Turning now to local questions—that is, questions about what factors influence the revision of specific concepts—the contrast of different conditions and concepts offers two insights into why we were successful in revising planet. First, the control data in the masked time-lagged study and responses in the Follow-up Study both indicate the revision of planet is better known than the revision of dinosaur among adults. Perhaps the increased awareness of planet played an important role in its success, suggesting conceptual revision is something that should be built up to instead of something that can be done in a single intervention (see Carey 2011). The difference in effectiveness of the two planet stimuli offers another clue.Footnote 13 Adding pictures and detail to our stimuli did not by itself have an effect on conceptual revision, as evidenced by lack of revision of dinosaur among participants who saw the longer intervention containing images.

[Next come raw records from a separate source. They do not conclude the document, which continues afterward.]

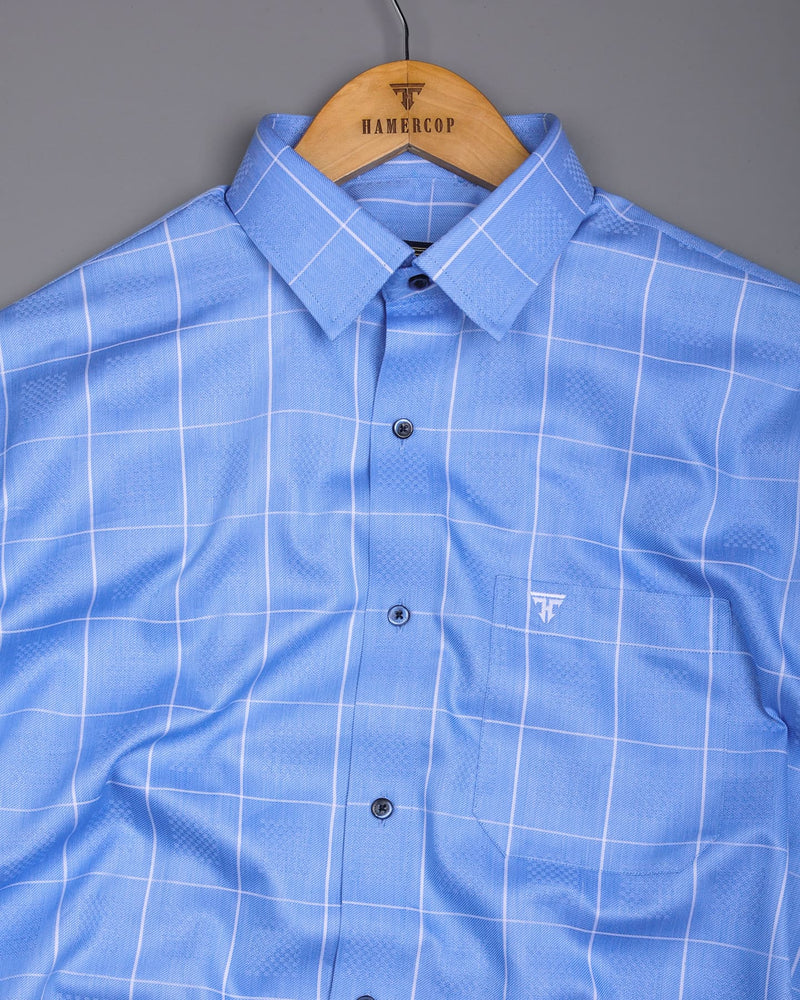Lunar Blue With White Dobby Check Premium Giza Shirt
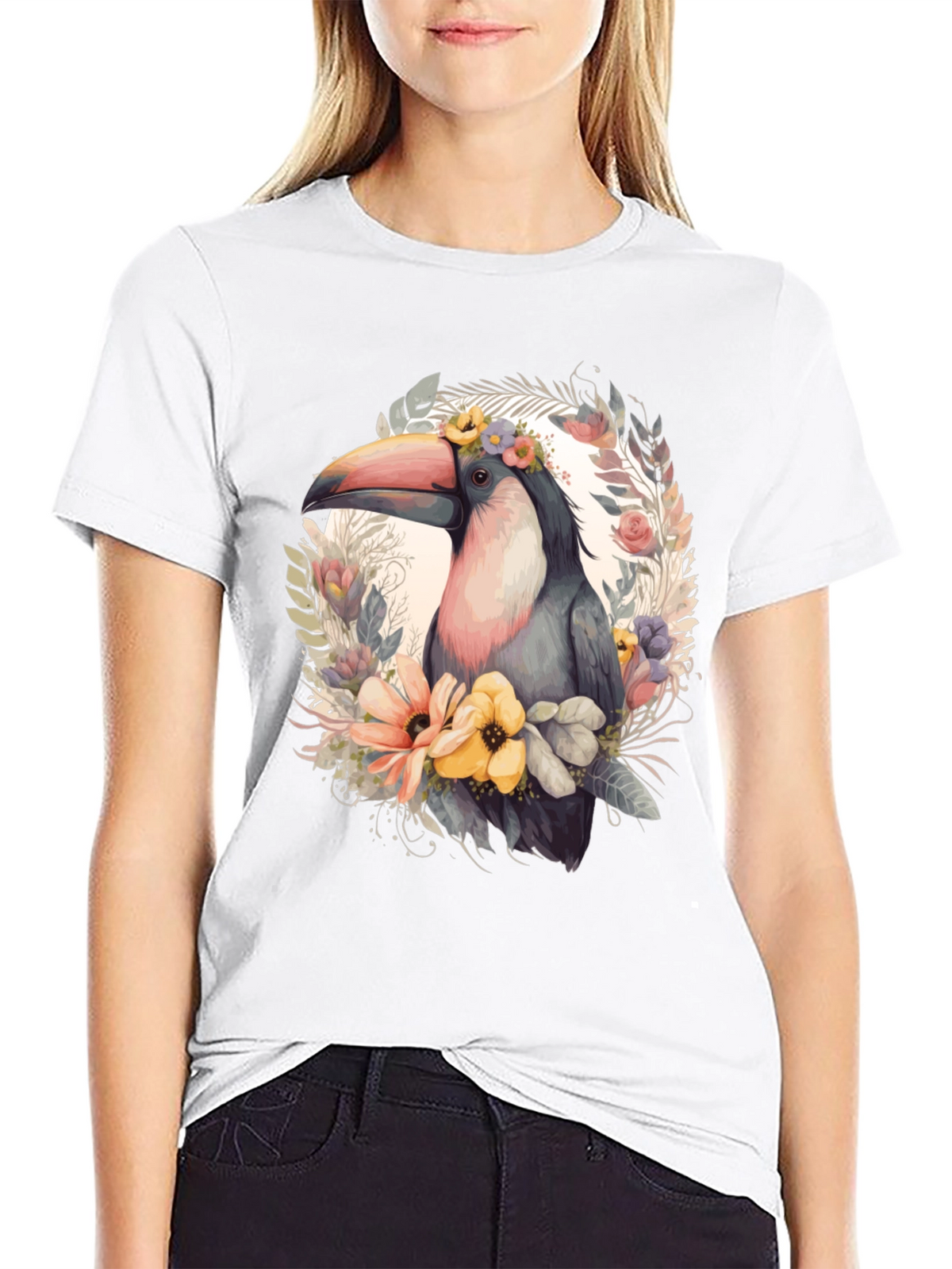 Tropical Toucan Floral Graphic Tee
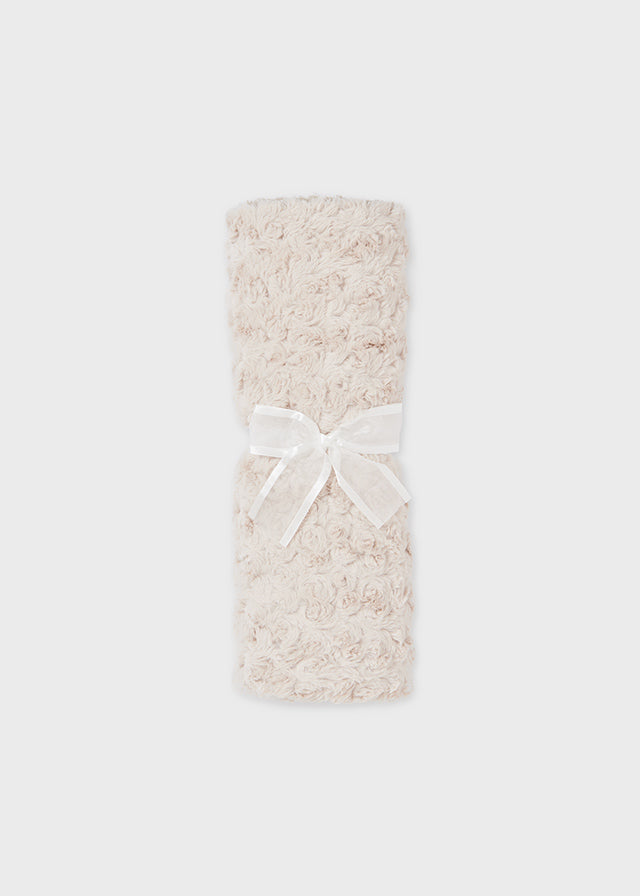 Fur Blanket w/Rossette Detail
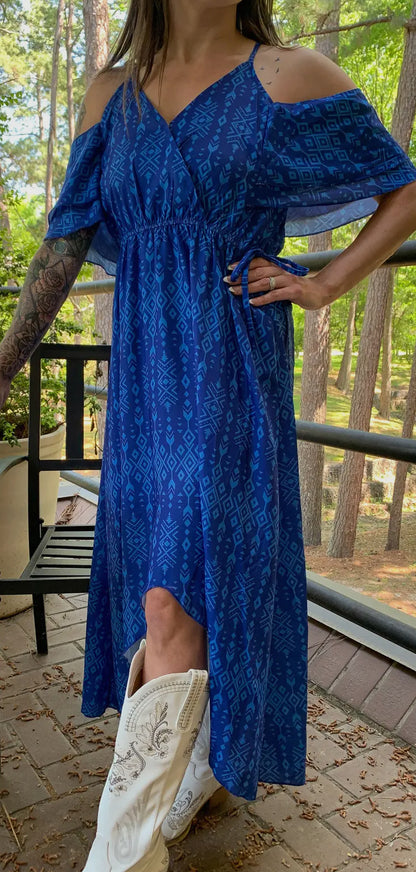 Off the Shoulder Blue Aztec Dress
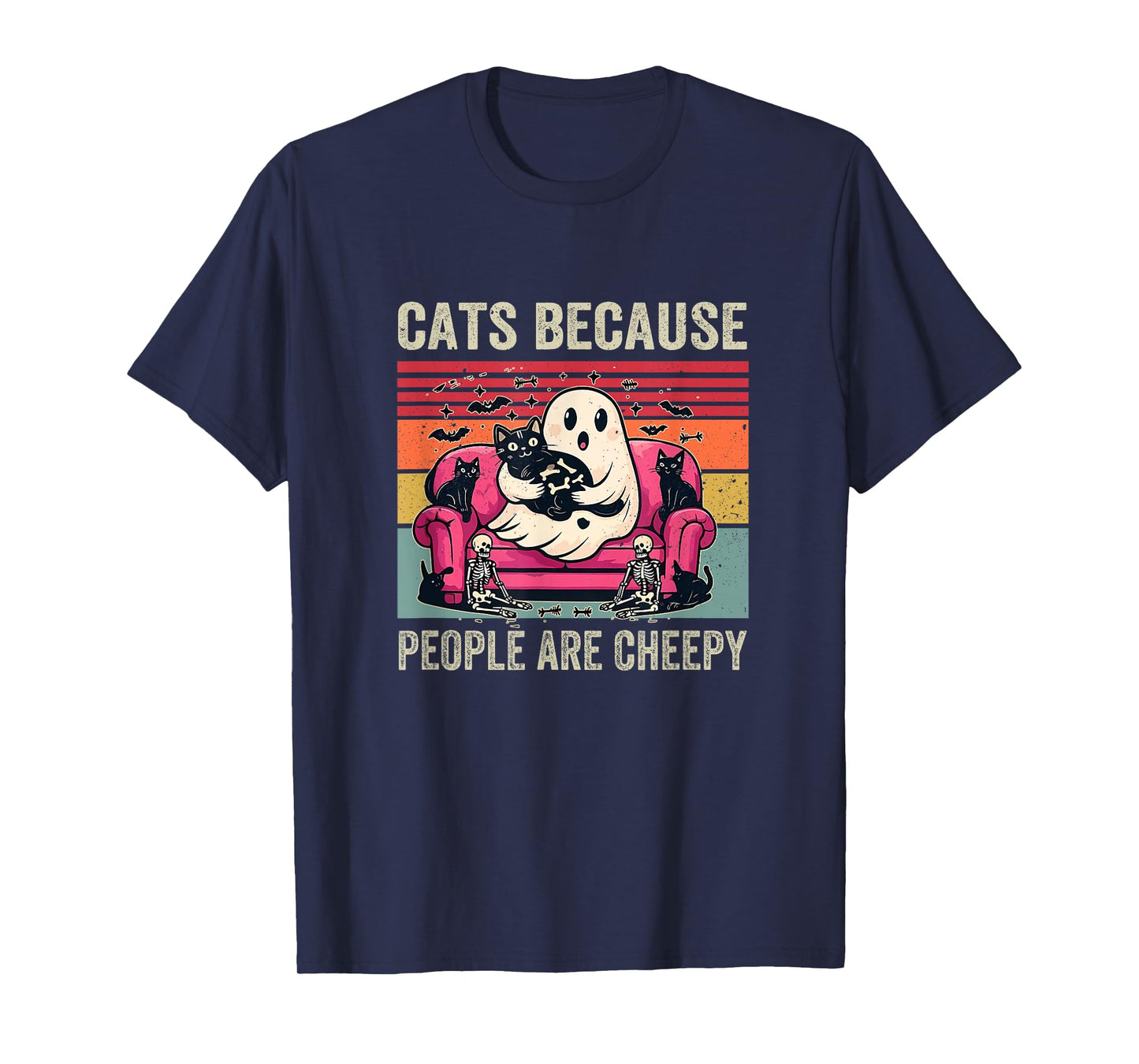 Cats Because People are Creepy Ghost Halloween T-Shirt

However, length and different format appear to have played some role in uptake of the revised planet, suggesting that multi-modal formats may be a useful tool for propagating revisions like it.

To summarize, results support a few tentative conclusions about propagation that may serve as the basis for future work:

Global Level:

1.

Short explanatory stimuli are capable of revising some natural kind concepts.

2.

For natural kind concepts, changing classification patterns appears to be relatively straightforward.

3.

For natural kind concepts, it is more difficult to modify associations and information retrieved by default than classification patterns.

4.

Changes involving splitting and/or shrinking concepts may prove easier than changes involving combining and/or expanding concepts (see Fischer 2020).

Local Level:

1.

planet’s ease of revision may have depended on previous exposure.

2.

Visual aids may have helped revise planet.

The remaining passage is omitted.